Anti-Semitism in the Former USSR: a General Overview
Anti-Semitism in post-Soviet territory has a number of significant differences both from the Western and the Eastern situation. If we attempt to characterize the situation as a whole, somewhat simplifying the matter, we can say that anti-Semitism in different countries of the region has a traditional, somewhat archaic and rudimentary character, and has been preserved mostly on the grassroots level as negative stereotypes within the consciousness of the masses. Sometimes these stereotypes are of religious origin, and sometimes they are inherited from Soviet propaganda. There does not seem to be a flexible, easily adaptable ideology with a massive mobilization potential. Unfortunately, as it is well-known, during the last ten years a falsely-understood solidarity with Palestinian Muslims has been becoming, through the efforts of Islamists, the ideological basis for radical anti-Semitic propaganda or even criminal activity for a portion of the population of certain Islamic countries, as well as for many diaspora representatives of Muslim peoples. However, anti-Israeli rhetoric does not mobilize post-Soviet Muslims as effectively as their peers in other countries. This is for a number of reasons, the most important among which is the mentality differences between post-Soviet Muslims and their Near Eastern and Western counterparts. Also important is the absence of any numerous groups hailing from the Near East in the post-Soviet Umma. The Left and liberal-Left anti-Zionism (often inseparable with the so-called new anti-Semitism), which has become widespread among the intellectual elite of the West, has not gained any considerable influence among post-Soviet youth and intellectuals.
So the minimum context for this report is the fact that, in general, post-Soviet anti-Semitism has preserved its unique nature, and has not become a part of either the European new anti-Semitism (when speaking of the European republics of the former USSR) or the zone of anti-Semitic rhetoric typical of Islamic fundamentalist countries neighboring the new states with a predominantly Muslim population.
This factor has strengthened the countries of the former Soviet Union to waves of new anti-Semitism, which have swamped the world starting with the Second Intifada of 2000 and up to the reaction to the events of the so-called “Freedom Flotilla” in May, 2010 (see special report).
Unlike in many other countries, the populace of post-Soviet territories, both elites and the majority of the population tend to sympathize with Israel and support it in the conflict with Islamic radicals. First of all, anti-Israeli stereotypes are often perceived as a hallmark of Communistic views, which are seen by the majority of the population as outdated and discredited. Anti-Zionism is rejected as a remnant of Soviet foreign policy and propaganda. Youths mostly do not support the political left, and many phenomena noticeable in the West, such as widespread intellectual anti-Semitism on campuses, anti-Israeli slogans in youth anti-globalist events, and so on, are absent. Second, over a million repatriates to Israel from the Soviet Union, the majority of which had been intellectuals and highly-qualified workers, keep contact with their friends and colleagues in “countries of the Exodus,” which influences the sympathies in the media when covering the Arab-Israel conflict. This factor has been gaining in importance because of the widespread use of the Internet and new technologies for transferring information.
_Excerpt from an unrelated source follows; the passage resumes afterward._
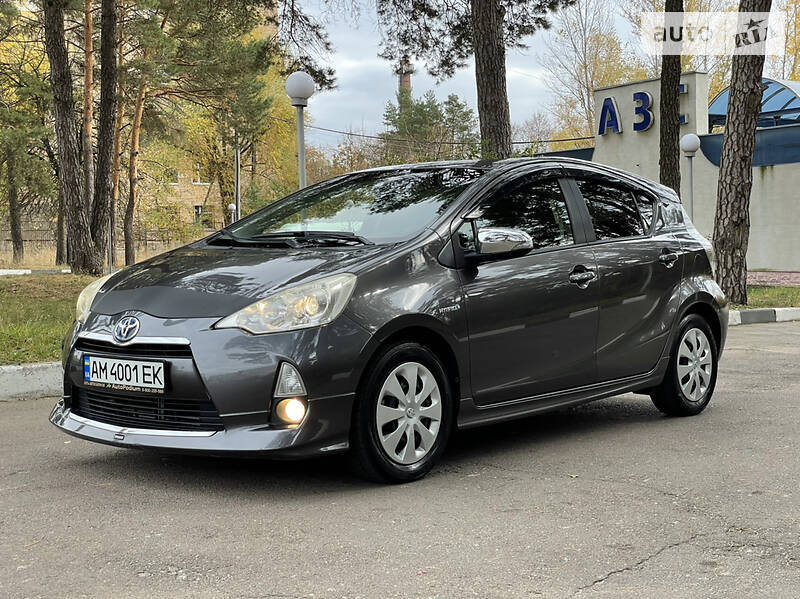 Хэтчбек Toyota Prius 2012 в Житомире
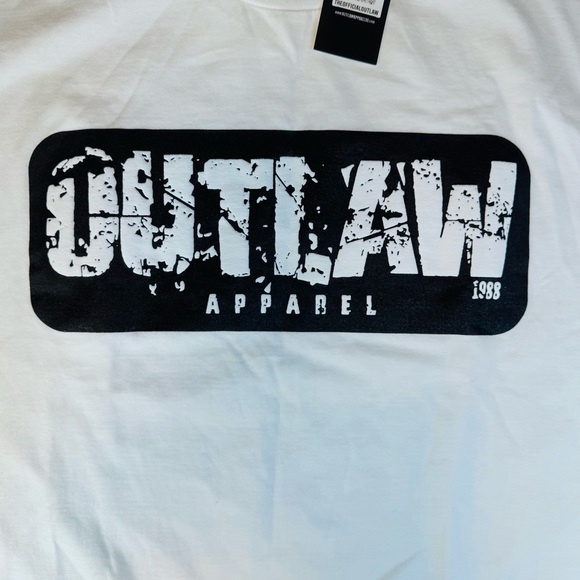 Outlaw Apparel White Graphic T-Shirt (Men’s XL) - Picture 4 of 8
Finally, as has been said already, groups of natives from Arabic countries (Palestinians, first and foremost) are not nearly as numerous and influential as they are in the West. The Muslim population of the post-Soviet territory are not Arabs, but Turks, representatives of ethnicities from the Northern Caucasus, and Tajiks, and so the mechanisms of pan-Arabic solidarity do not work in post-Soviet space. Pan-Islamic solidarity works, however, and religious forms of solidarity in the modern secularized world have a far stronger mobilization effect than linguistic and ethnic solidarity.
We should note that the situation might change in the future. In some post-Soviet countries, their international relations context stimulates the development of anti-Israeli tendencies. The search of models for the external realization of interests has been leading some post-Soviet countries to alliances with open opponents of Israel, first and foremost with Iran, and with certain others, from Venezuela to the pseudo-state HAMAS regime in Gaza. This tendency can be seen in certain European countries of the former USSR, as well as in countries with a predominantly Muslim population. Together with internal processes – the “Soviet-light” restoration tendencies in Russia and the gradual integration of the Islamic countries into the worldwide Muslim informational and cultural space – this trend seems to be quite serious.
We should also note that in many post-Soviet countries, the strengthening of authoritarian tendencies in their internal policy leads to the suppression of any oppositional activity, including that of the radical right (ultra-nationalist and religious fundamental), which consequentially leads to a reduction of the volume of anti-Semitic propaganda and of recorded anti-Semitic acts. However, should the stiuation destabilize, anti-Semitic activity tends to increase again. These tendencies can be seen, at least in part, in last-year's events in Moldova and, especially, in Kyrgyzstan. There is reason to suspect that should the authoritarian regime weaken in Azerbaijan and Uzbekistan, which both have been rather harshly suppressing the Islamist opposition, anti-Semitic incidents might happen there, as well.